PyPDF2: Python Library for PDF Files Manipulations

PyPDF2 Python PDF Toolkit Png

PyPDF2 is a pure-python library to work with PDF files. We can use the PyPDF2 module to work with the existing PDF files. We can’t create a new PDF file using this module.

PyPDF2 Features

Some of the exciting features of PyPDF2 module are:

  • PDF Files metadata such as a number of pages, author, creator, created and last updated time.
  • Extracting Content of PDF file page by page.
  • Merge multiple PDF files.
  • Rotate PDF file pages by an angle.
  • Scaling of PDF pages.
  • Extracting images from PDF pages and saving them as images using the Pillow library.

Installing PyPDF2 Module

We can use PIP to install PyPDF2 module.

$ pip install PyPDF2

PyPDF2 Examples

Let’s look at some examples to work with PDF files using the PyPDF2 module.

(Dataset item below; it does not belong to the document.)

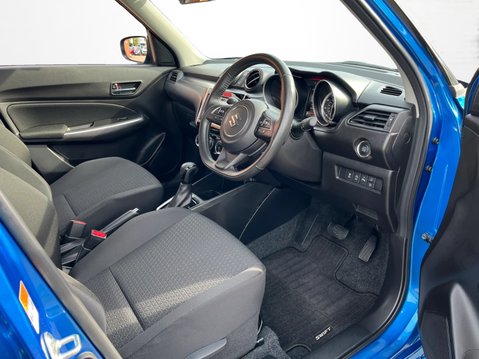 Suzuki Swift 1.2 Dualjet 83 12V Hybrid SZ5 5dr Auto 18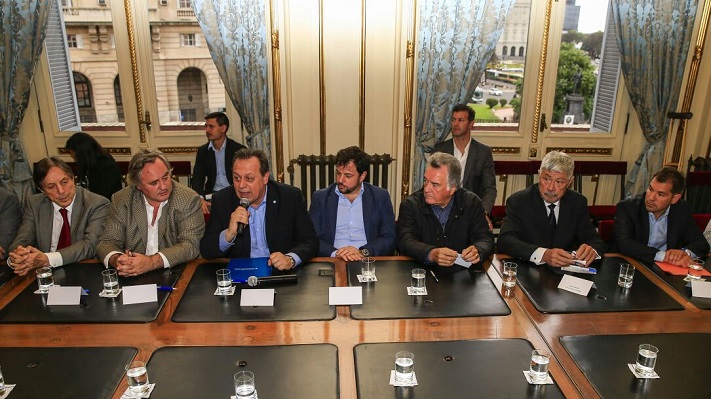 Acuerdo público-privado para una buena temporada en la costa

1. Extracting PDF Metadata

We can get the number of pages in the PDF file. We can also get information about the PDF author, creator app, and creation dates.

import PyPDF2

with open('Python_Tutorial.pdf', 'rb') as pdf_file:
    pdf_reader = PyPDF2.PdfFileReader(pdf_file)
    print(f'Number of Pages in PDF File is {pdf_reader.getNumPages()}')
    print(f'PDF Metadata is {pdf_reader.documentInfo}')
    print(f'PDF File Author is {pdf_reader.documentInfo["/Author"]}')
    print(f'PDF File Creator is {pdf_reader.documentInfo["/Creator"]}')

Sample Output:

Number of Pages in PDF File is 2
PDF Metadata is {'/Author': 'Microsoft Office User', '/Creator': 'Microsoft Word', '/CreationDate': "D:20191009091859+00'00'", '/ModDate': "D:20191009091859+00'00'"}
PDF File Author is Microsoft Office User
PDF File Creator is Microsoft Word

Recommended Readings: Python with Statement and Python f-strings

  • The PDF file should be opened in the binary mode. That’w why the file opening mode is passed as ‘rb’.
  • The PdfFileReader class is used to read the PDF file.
  • The documentInfo is a dictionary that contains the metadata of the PDF file.
  • We can get the number of pages in the PDF file using the getNumPages() function. An alternative way is to use the numPages attribute.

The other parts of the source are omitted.